While many businesses are just now turning to Linux as a server platform, the technology has delivered for the U.S. Postal Service for several years.
The Postal Service has used penguin power since 1999 to streamline the "snail mail" process. More than 900 Linux machines currently sort in excess of 670 million pieces of mail per day in the Postal Service's 250 mail-sorting sites around the country.
"Linux has been working well for us for some time now," says Jasbir Sandhu, electronics engineer at for the USPS, who oversaw this automation project at the USPS. "It's very stable, and the cost is excellent."
Computers have sorted mail at the Postal Service since the 1980s, when electronic scanning systems were first installed. Those systems were based on proprietary optical character recognition (OCR) hardware that was controlled by a Digital Equipment VAX system.

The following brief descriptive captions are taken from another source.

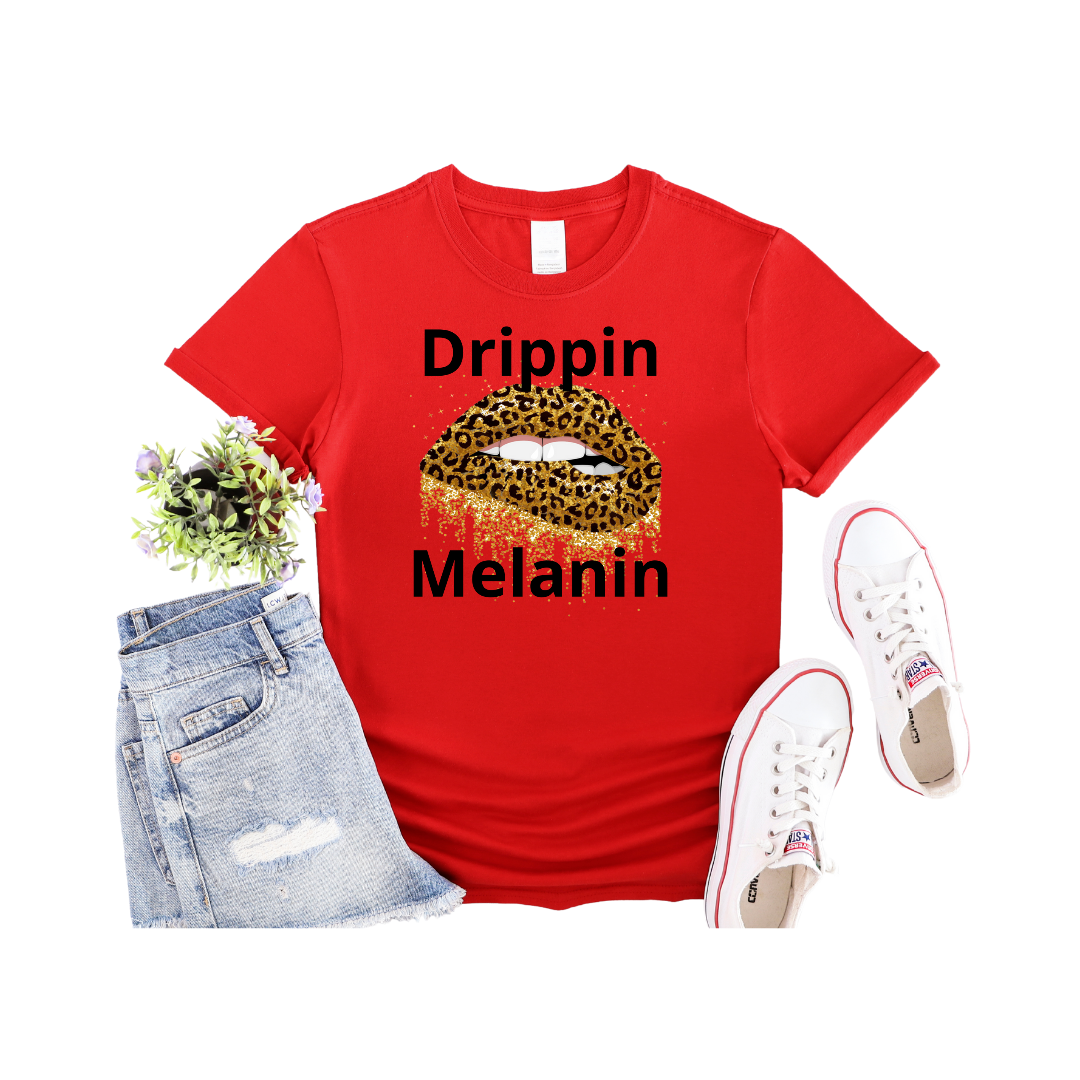 Drippin Melanin Cheetah (Relaxed Fit)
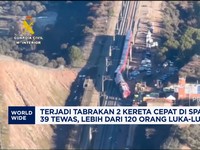 Video: Dua Kereta Cepat Bertabrakan di Spanyol, 39 Tewas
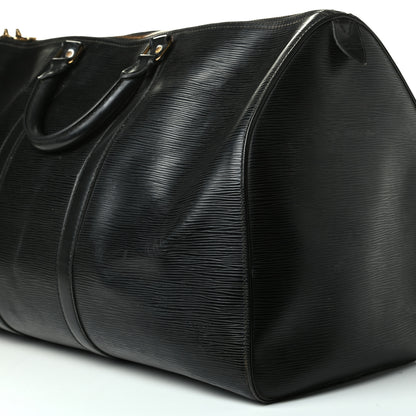 Louis Vuitton Epi Keepall 50 Black 8 of 8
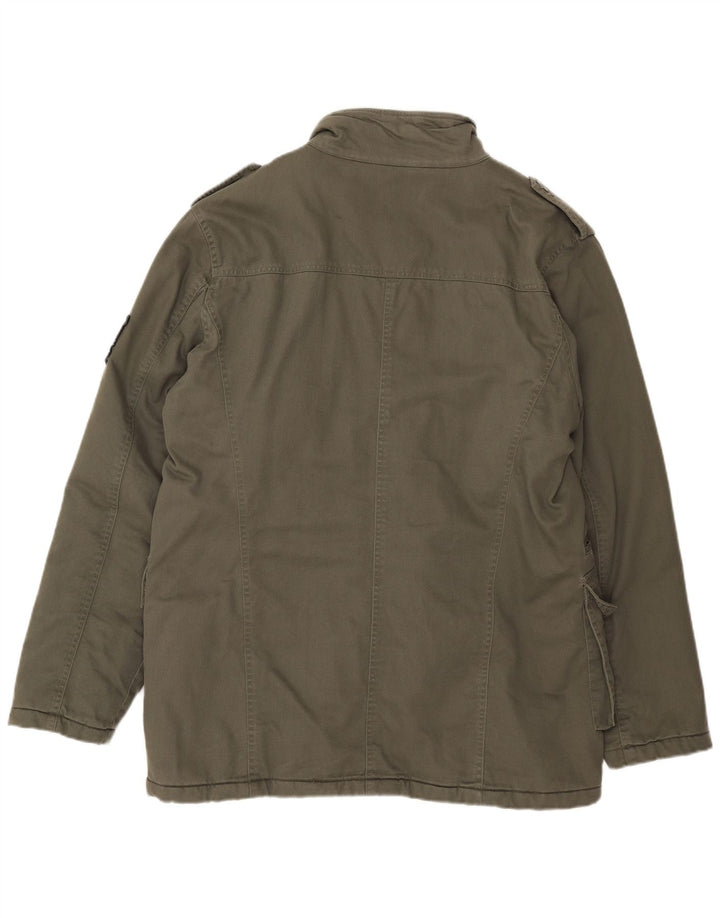 Jaqueta militar masculina Muchmore UK 42 XL algodão cáqui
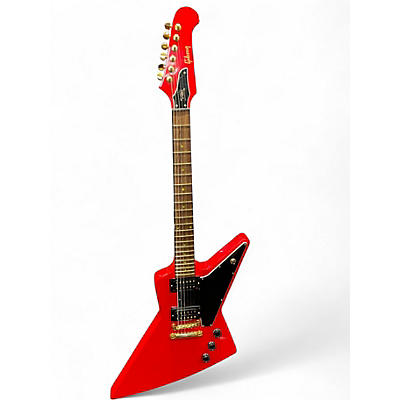 Used Gibson Lizzy Hale Explorer Bird Red Solid Body Electric Guitar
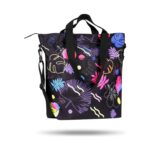 Детска чанта за рамо CoolPack Soho Stitch Black отзад, с презрамки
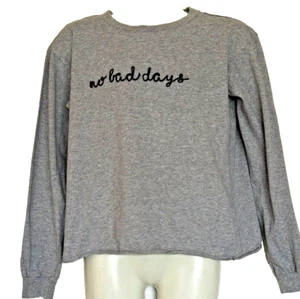 Art Class Girls Long Sleeve Gray Tee Shirt Logo "no bad days" Size XL 14/16 - Picture 1 of 4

This improved efficiency at the Postal Service, Sandhu says, but the systems still only handled about half the mail that came into the Postal Service's facilities. By the mid-1990s, "we needed a system that did a better job than that," he says.
Linux looks for new worlds to conquer
Part of the problem was that the old system was difficult to modify and upgrading it was expensive because the computers used many hard-wired components for running OCR algorithms.
"That's why we went looking for a software-based system instead," Sandhu says. "We looked at some Unix-based systems, but they were too expensive in terms of licensing. As for Windows, there weren't any OCR applications that could be ported to that environment."
The Postal Service put out several bids and chose Pacific Northwest Software as its integration contractor. That's where Linux technology came in.
"The decision to use Linux was fairly straightforward," says John Taves, principal with Pacific Northwest, who was involved with the USPS project.
"A big plus with Linux is you don't have to worry about licensing," Taves says. "When programming with a commercial operating system, you usually can't get the source code, and you can't talk to the developers. With Linux, if there are questions or problems, you just get into a chat room, there's usually someone who will help you work things out."
The low licensing costs and the ability to develop Linux code quickly allowed Pacific Northwest to deliver a system that fit the USPS's needs and budget, Taves says.
"I had never heard of it before," Sandhu says. "But when we were introduced to [Linux], it looked perfect for our application."
Color me old-fashioned but there's something a bit disturbing about the U.S. Postal Service going to a chatroom for tech support.
"Chatroom" is probably a substitute term used by someone that doesn't understand the nomenclature.
The correct term is "channel", on IRC (Internet Relay Chat). While some of the them are havens for the cracker culture, some of them are extremely useful for real-time assistance, if you know where to look.
Personally, I find Google to be the fastest way to find a problem. I enter the error message or a concise description of the problem, and I usually get links to mailing list postings that describe the problem and subsequent postings that describe the solution.
This is what bothers me about the Linux press releases disguised as news articles, they make these wild proclomations but never offer any corroborating evidence, much like the actual Linux proponents themselves. That was presented as the conclusion of the whole article, yet obviously suspect.